E, con buona pace di chi ha sparso bile sui residenti stranieri che hanno solidarizzato con la gente a Tahrir:

I militari [si parla di tre giorni fa] sorvegliavano le entrate alla piazza e tenevano da parte gli stranieri. Poi siamo arrivati noi e, quando hanno visto che avevamo tantissimi timbri egiziani sui passaporti, ci hanno detto che avevamo tanto diritto come quelli dentro la piazza, a stare là, e ci hanno lasciato passare. E niente, siamo tornati da poco, dopo avere incontrato tanti alunni e la famiglia al completo della Bakery [la pasticceria sotto casa di Julia ed ex casa mia] che ci ha dato un abbraccione da non credere.

E poi c’è stata Al Jazeera, che merita di vincere tutti i premi di giornalismo dell’anno e del decennio, e che in tantissimi hanno ricordato e ringraziato ieri, in rete, mentre si festeggiava per la caduta del dittatore, per avere mostrato a tutto il mondo quello che gli egiziani, a mani nude, stavano facendo.
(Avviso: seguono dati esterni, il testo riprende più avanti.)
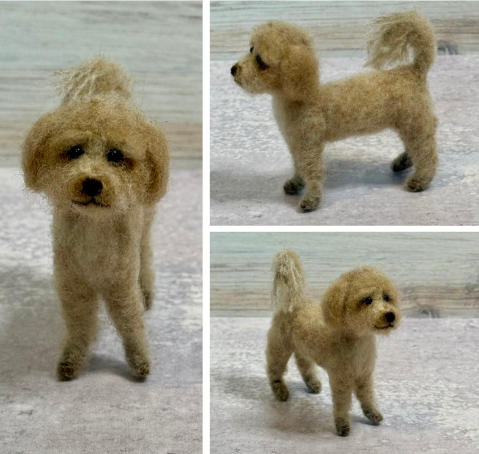 Needle-felted dog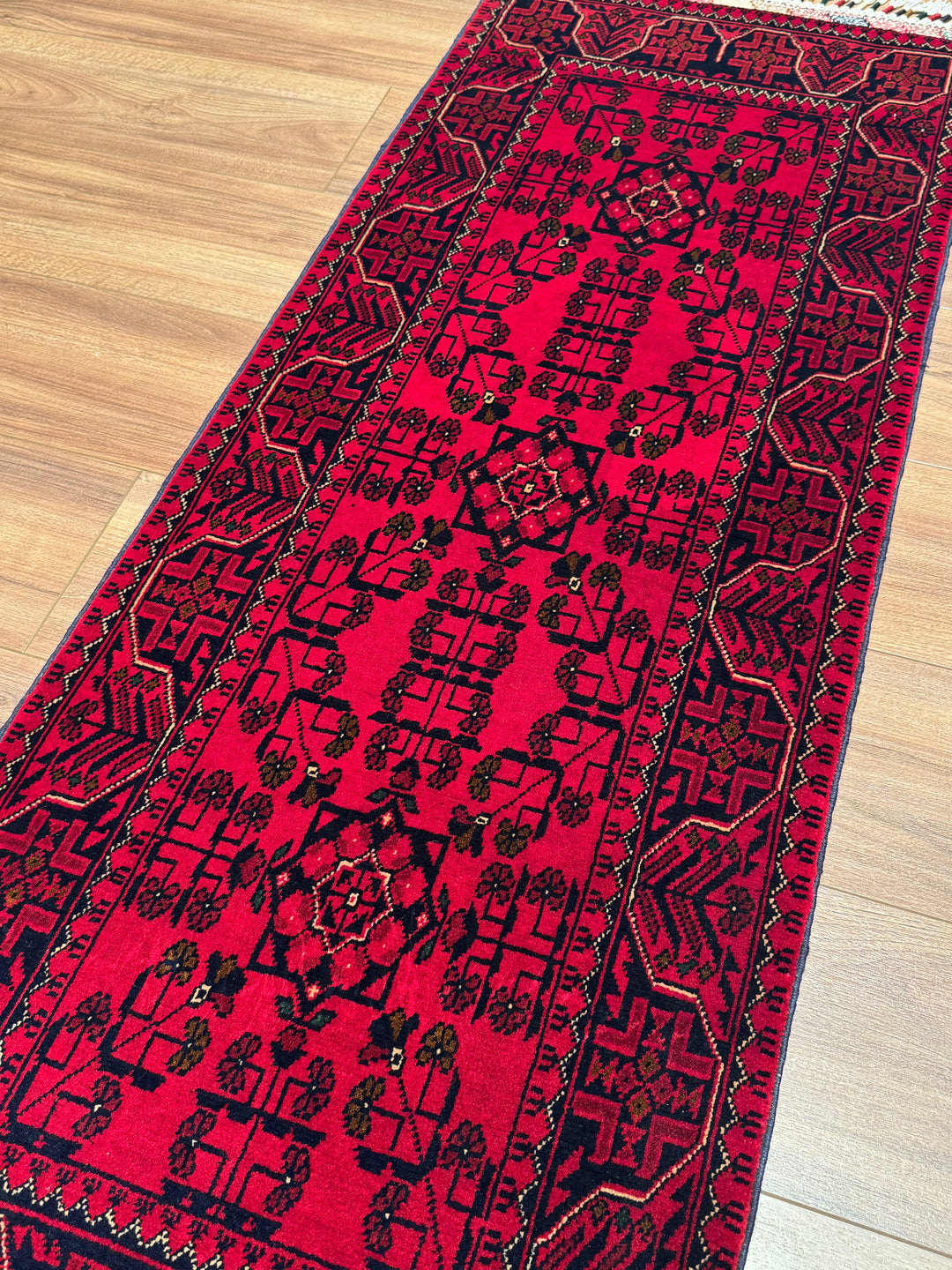 Afghan Rug Hamyap Runner Original Hand Woven Vegetable Dyed Wool 0.56x151 0.85 Square Meters - 2x4 ft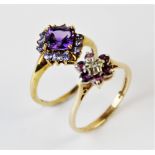 A garnet and diamond cluster ring all set in 9ct gold, weight 2.3gms with a further amethyst set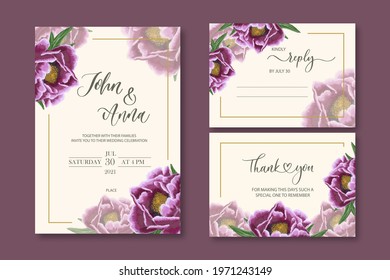 Wedding invitation, thank you, reply, with gently watercolor flowers peony.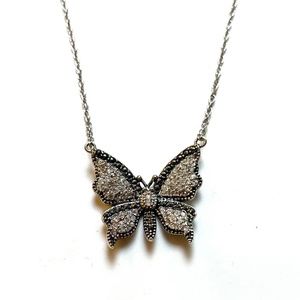 Sterling Silver Marcasite & Crystal Butterfly Necklace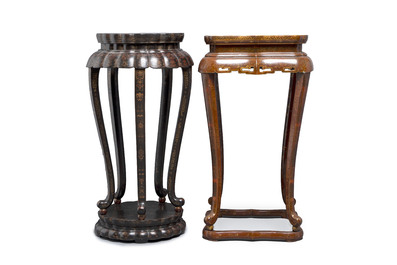 Two Chinese gilt-lacquered stands, 20th C.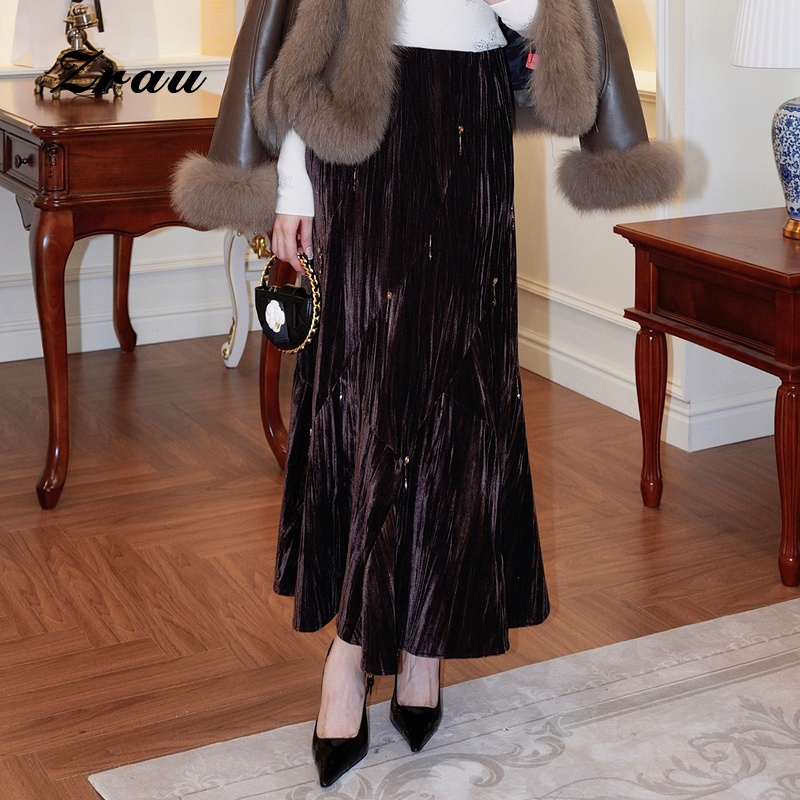 丝绒高腰褶皱复古长裙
Chi era sintonizzato su AJE al momento dell’annuncio di Suleiman l’ha visto: silenzio in studio, microfoni puntati su Tahrir e l’esplosione, potente e meravigliosa, della felicità nella piazza. Solo loro, tutto l’audio per la folla, per minuti e minuti e minuti e sembrava non finire mai, eri lì nella piazza col boato nelle orecchie e potevi solo piangere di commozione, davanti a quella distesa infinita di gente, davanti a quell’unica voce della piazza che traboccava da tutti gli altoparlanti, senza interpreti, senza interferenze, la loro voce e la loro gioia e niente altro. E poi, quando hanno ridato la linea alla corrispondente, piangeva pure lei e piangevamo tutti e, al diavolo, succede una volta nella vita, se sei fortunato, di essere testimone di una cosa così.
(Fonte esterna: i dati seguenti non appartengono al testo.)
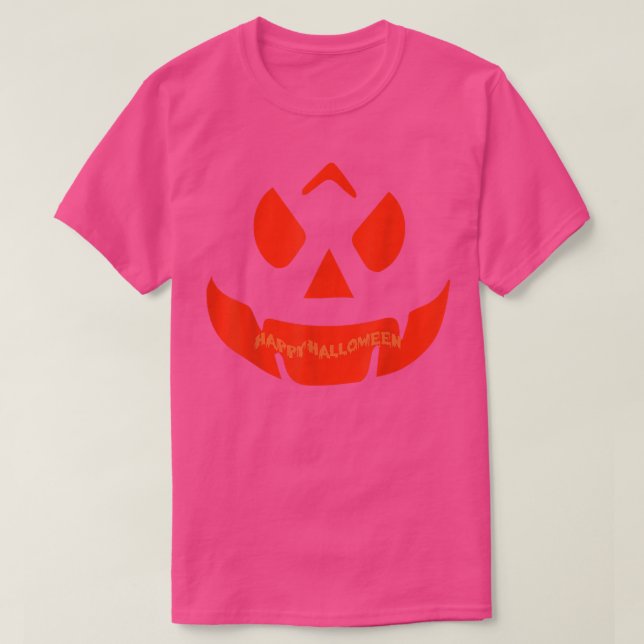 T-shirt Joyeux Halloween Jack O' Lantern Citrouilles Face  (Design devant)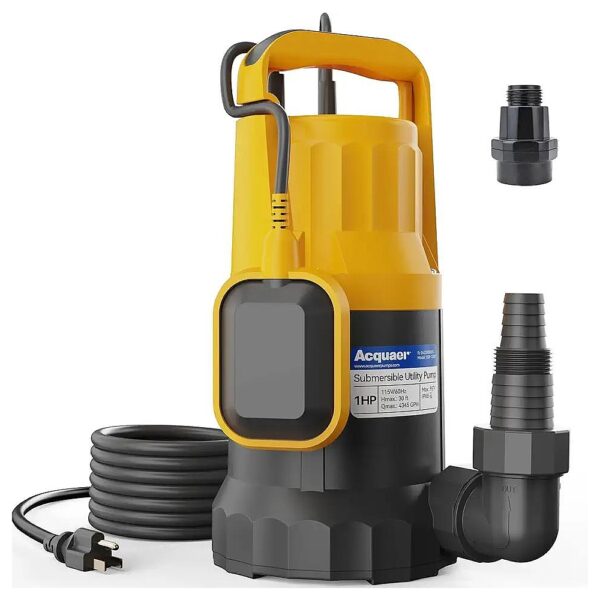 1HP Submersible Utility Pump for Pool Water Transfer and Draining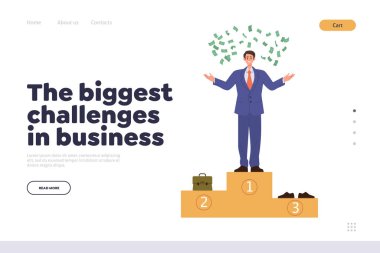 İniş sayfası tasarım şablonundaki en büyük zorluklar. Çizgi film kahramanı mutlu iş adamı para altında ödül kaidesi üzerinde duruyor. Para yağmuru finansal başarıyı ve yatırım kârını kutluyor.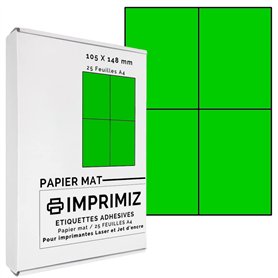 100 étiquettes autocollantes Vert fluo de 105 X 148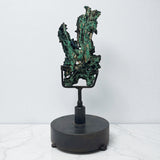 Azurite Malachite Druze Slice On Custom Spinning Stand - Ears Shape with Fiberous Malacite & Azurite Crystals on Side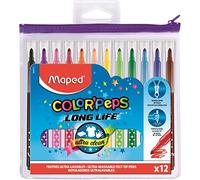 Maped Long Life - Rotuladores de larga duración, 12 rotuladores para colorear ultralavables y de larga duración, punta media bloqueada, suministros de entrada escolar, estuche de plástico con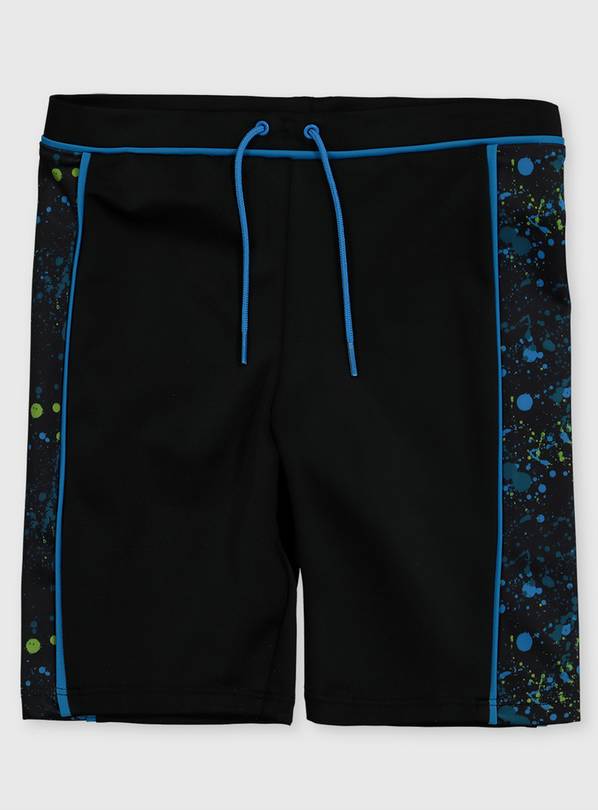 Black Paint Splash Longline Swim Shorts 8 years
Ci sarà tempo, da domani in poi, per analizzare il cambiamento avvenuto, immaginare il futuro, vedere i – tanti – pericoli che minacciano questa bebè di quasi democrazia e, anche, per ridisegnare delle categorie mentali e politiche – quelle dello scontro di civiltà, la robaccia neocon, le cazzate che ci hanno detto per anni – che, oggi, l’Egitto ha fatto invecchiare di cent’anni, ha trasformato in obsolete, ha gettato nella pattumiera della Storia assieme alla malafede di chi le propugnava.

Domani.

Oggi c’è bisogno di godersi fino in fondo questa felicità. Nutre il cuore, dà fiducia e coraggio, rende più forti.
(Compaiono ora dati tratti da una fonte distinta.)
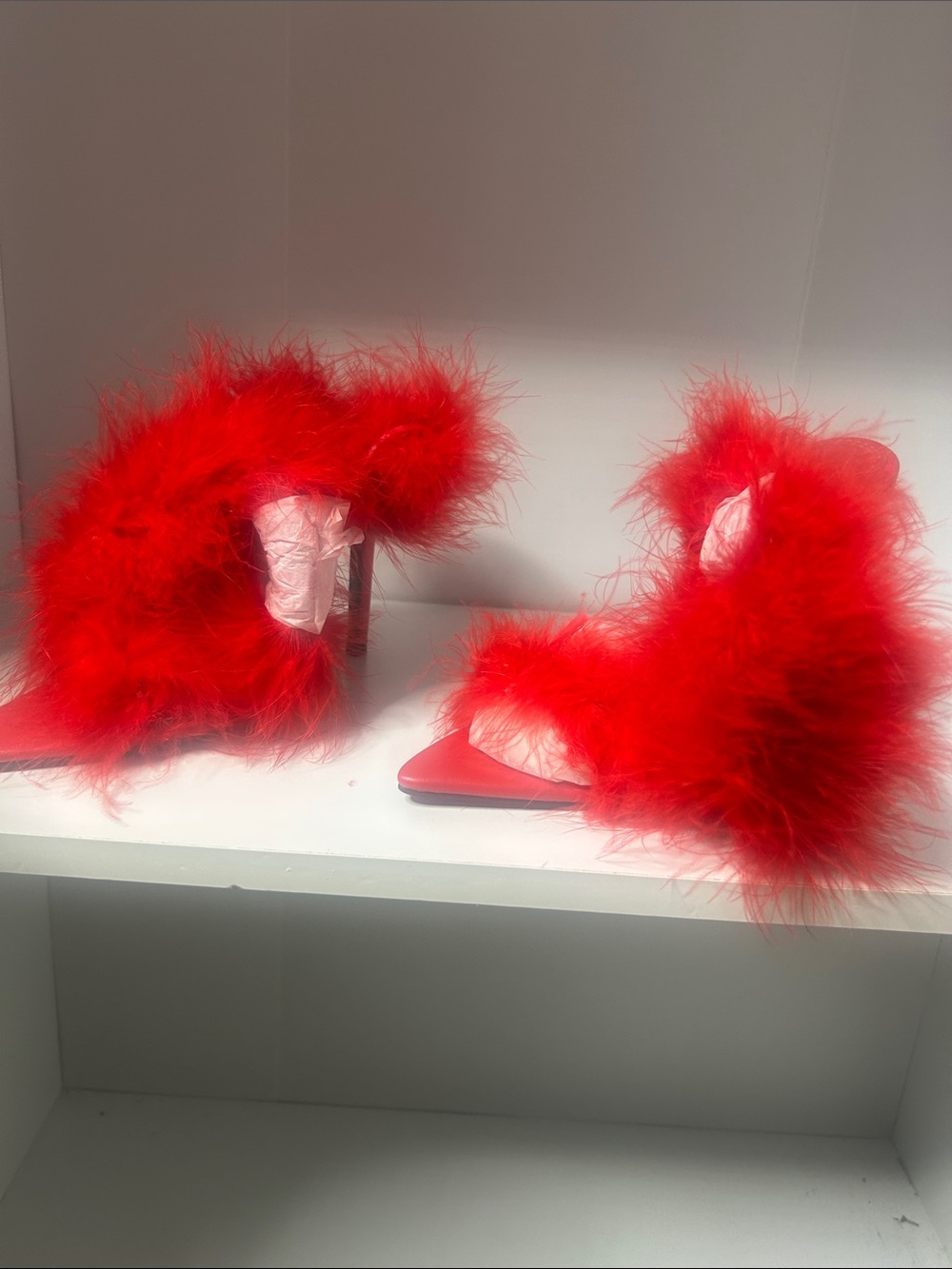 Red Feather Trim Open-Toe High Heel Sandals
E sorrido pensando a uno dei twit di stanotte di Sandmonkey (leggetevi la sua cronaca della rivoluzione), scritto nel pieno della festa: “A tutti quelli che ci hanno ridicolizzati, che si sono opposti a noi, che volevano farci scendere a compromessi, io dico: BENVENUTI ALLA FESTA :) OGGI FESTEGGIAMO TUTTI!!!”